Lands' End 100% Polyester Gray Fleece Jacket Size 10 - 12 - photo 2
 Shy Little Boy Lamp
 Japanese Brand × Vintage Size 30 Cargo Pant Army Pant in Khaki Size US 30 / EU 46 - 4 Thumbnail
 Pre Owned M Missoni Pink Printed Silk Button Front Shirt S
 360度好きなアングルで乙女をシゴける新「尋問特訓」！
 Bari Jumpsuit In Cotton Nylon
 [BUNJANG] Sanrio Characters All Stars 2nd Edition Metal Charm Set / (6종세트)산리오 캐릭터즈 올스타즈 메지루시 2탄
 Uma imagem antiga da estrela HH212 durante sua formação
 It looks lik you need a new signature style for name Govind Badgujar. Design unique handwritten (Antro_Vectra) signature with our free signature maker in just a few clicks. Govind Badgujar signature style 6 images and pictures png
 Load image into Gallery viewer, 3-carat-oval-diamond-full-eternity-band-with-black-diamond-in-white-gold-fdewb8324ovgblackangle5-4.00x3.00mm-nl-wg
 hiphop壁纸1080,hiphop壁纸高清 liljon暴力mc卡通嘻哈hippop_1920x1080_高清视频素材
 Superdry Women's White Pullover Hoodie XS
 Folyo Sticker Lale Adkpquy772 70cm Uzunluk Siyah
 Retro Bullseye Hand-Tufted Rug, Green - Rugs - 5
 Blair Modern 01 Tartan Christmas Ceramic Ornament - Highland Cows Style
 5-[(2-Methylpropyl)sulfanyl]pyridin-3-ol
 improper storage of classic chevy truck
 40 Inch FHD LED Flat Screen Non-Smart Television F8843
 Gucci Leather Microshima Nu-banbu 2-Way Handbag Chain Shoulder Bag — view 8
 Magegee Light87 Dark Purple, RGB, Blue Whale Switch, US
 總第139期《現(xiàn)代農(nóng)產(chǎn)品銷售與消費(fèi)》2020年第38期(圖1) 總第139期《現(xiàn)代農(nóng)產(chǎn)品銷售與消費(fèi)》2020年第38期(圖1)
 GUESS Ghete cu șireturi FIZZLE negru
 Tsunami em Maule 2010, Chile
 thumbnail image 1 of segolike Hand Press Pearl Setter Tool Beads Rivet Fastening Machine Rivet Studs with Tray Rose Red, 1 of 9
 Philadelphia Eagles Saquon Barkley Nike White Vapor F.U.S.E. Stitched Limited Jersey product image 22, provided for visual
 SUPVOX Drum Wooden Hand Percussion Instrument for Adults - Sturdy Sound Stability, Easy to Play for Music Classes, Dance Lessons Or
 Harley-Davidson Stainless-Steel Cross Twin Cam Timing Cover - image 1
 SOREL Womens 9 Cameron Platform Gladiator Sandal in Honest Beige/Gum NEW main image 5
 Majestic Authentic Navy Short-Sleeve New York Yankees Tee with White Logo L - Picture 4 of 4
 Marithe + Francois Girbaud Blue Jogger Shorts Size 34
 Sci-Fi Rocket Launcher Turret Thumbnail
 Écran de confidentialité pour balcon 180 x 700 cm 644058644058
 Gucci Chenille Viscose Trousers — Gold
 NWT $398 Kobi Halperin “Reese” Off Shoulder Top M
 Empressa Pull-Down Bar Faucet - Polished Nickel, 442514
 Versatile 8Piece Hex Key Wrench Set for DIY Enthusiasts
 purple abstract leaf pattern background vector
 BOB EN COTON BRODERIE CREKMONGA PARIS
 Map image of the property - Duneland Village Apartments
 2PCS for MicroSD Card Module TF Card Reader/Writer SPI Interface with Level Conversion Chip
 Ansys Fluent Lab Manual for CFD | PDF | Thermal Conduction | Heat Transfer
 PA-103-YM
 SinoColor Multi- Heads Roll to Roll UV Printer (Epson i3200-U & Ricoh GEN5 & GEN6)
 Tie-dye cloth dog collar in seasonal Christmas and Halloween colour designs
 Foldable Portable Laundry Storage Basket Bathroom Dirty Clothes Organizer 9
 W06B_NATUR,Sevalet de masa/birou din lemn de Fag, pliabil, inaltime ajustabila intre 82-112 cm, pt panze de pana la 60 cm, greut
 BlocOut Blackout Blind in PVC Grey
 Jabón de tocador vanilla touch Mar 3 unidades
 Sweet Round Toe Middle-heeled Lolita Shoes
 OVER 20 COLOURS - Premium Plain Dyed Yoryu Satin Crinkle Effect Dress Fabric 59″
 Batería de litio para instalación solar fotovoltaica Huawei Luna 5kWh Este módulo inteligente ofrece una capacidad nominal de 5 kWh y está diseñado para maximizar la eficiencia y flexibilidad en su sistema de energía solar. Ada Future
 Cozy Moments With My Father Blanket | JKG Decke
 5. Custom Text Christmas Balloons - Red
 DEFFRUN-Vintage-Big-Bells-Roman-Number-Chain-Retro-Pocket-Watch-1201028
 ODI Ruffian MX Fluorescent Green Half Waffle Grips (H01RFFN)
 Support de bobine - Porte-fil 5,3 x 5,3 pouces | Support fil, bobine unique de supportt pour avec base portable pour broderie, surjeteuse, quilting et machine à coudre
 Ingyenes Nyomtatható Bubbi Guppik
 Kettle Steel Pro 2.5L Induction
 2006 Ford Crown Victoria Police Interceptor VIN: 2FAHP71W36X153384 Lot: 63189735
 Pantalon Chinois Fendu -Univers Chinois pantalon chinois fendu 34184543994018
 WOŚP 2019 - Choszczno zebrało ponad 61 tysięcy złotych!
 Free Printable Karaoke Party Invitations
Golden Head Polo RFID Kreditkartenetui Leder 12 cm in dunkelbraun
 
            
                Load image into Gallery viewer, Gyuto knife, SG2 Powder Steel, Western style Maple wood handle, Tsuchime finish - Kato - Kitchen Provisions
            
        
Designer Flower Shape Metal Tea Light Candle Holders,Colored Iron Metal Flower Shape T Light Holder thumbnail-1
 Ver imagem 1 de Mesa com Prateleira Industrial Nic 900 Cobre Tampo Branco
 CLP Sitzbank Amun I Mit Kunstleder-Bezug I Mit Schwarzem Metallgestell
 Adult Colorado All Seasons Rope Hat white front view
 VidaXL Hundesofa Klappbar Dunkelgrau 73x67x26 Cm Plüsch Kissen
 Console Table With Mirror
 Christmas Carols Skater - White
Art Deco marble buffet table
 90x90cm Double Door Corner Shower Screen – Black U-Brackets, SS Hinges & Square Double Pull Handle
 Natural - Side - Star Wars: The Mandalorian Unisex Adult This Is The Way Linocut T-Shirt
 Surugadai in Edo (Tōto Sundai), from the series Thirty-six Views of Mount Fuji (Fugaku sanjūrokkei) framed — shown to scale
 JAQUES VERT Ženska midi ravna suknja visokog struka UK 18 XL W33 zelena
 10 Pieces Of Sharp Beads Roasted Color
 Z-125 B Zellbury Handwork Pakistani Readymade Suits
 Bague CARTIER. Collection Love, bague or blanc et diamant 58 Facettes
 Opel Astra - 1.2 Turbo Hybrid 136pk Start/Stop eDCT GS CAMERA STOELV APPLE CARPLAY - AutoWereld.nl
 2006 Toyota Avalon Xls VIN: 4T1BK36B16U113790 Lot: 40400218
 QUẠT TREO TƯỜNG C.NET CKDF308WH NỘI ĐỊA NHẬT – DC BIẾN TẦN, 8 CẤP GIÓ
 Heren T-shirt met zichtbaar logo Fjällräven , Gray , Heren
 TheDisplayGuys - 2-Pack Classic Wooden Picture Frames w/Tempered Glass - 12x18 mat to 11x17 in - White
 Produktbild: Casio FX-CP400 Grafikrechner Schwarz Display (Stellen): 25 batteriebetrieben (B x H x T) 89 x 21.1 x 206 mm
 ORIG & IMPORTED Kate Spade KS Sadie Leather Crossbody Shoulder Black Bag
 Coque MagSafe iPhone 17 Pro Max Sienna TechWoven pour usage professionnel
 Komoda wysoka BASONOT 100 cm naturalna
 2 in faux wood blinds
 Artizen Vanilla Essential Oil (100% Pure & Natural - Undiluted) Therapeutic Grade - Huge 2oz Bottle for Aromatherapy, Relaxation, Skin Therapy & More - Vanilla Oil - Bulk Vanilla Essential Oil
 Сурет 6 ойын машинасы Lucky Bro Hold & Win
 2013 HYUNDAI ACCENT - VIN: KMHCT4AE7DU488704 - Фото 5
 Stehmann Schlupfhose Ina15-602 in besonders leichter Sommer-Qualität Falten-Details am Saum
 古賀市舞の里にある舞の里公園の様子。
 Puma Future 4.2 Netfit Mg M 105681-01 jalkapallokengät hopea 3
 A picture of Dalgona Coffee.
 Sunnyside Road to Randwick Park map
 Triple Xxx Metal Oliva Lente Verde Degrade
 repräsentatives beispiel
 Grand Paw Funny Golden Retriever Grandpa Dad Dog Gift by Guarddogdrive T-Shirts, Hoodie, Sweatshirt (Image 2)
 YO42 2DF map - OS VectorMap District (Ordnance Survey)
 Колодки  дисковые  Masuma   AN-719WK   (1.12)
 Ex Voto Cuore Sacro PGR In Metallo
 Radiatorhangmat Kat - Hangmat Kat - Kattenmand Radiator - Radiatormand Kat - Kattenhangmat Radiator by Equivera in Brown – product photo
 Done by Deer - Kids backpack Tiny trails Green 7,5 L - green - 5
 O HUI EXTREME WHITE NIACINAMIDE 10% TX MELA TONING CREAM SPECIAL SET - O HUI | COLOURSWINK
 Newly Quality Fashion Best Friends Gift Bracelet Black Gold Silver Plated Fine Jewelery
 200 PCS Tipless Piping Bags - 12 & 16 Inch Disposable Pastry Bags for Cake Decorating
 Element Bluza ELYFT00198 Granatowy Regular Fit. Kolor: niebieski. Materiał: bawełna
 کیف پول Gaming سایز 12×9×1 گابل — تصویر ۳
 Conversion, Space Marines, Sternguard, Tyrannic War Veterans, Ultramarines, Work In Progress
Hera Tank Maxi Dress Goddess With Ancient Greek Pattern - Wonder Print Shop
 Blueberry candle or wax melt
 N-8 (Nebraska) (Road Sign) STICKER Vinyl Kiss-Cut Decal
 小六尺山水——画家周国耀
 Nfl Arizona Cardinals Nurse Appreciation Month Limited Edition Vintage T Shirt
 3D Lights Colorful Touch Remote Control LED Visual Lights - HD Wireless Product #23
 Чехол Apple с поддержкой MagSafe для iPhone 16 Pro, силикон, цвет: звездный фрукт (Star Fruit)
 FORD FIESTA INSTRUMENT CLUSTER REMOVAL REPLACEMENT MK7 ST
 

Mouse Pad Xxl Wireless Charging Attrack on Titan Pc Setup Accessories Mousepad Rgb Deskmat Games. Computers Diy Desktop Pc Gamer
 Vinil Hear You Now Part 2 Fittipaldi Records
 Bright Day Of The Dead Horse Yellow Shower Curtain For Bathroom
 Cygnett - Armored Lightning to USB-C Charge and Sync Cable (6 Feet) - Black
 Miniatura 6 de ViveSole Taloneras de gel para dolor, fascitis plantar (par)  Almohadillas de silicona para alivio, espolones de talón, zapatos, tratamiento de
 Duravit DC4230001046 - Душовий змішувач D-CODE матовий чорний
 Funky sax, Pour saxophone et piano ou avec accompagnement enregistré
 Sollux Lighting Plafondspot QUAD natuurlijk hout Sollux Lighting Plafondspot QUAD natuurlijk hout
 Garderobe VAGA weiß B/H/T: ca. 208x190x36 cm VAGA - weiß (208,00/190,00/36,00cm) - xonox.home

⁂

- [Task instructions]: Which lines above run from the one containing "SOREL Womens 9" to the one containing "Foldable Portable Laundry"? Give them again exactly, both ends included.

- [Result of this exercise]:
 SOREL Womens 9 Cameron Platform Gladiator Sandal in Honest Beige/Gum NEW main image 5
 Majestic Authentic Navy Short-Sleeve New York Yankees Tee with White Logo L - Picture 4 of 4
 Marithe + Francois Girbaud Blue Jogger Shorts Size 34
 Sci-Fi Rocket Launcher Turret Thumbnail
 Écran de confidentialité pour balcon 180 x 700 cm 644058644058
 Gucci Chenille Viscose Trousers — Gold
 NWT $398 Kobi Halperin “Reese” Off Shoulder Top M
 Empressa Pull-Down Bar Faucet - Polished Nickel, 442514
 Versatile 8Piece Hex Key Wrench Set for DIY Enthusiasts
 purple abstract leaf pattern background vector
 BOB EN COTON BRODERIE CREKMONGA PARIS
 Map image of the property - Duneland Village Apartments
 2PCS for MicroSD Card Module TF Card Reader/Writer SPI Interface with Level Conversion Chip
 Ansys Fluent Lab Manual for CFD | PDF | Thermal Conduction | Heat Transfer
 PA-103-YM
 SinoColor Multi- Heads Roll to Roll UV Printer (Epson i3200-U & Ricoh GEN5 & GEN6)
 Tie-dye cloth dog collar in seasonal Christmas and Halloween colour designs
 Foldable Portable Laundry Storage Basket Bathroom Dirty Clothes Organizer 9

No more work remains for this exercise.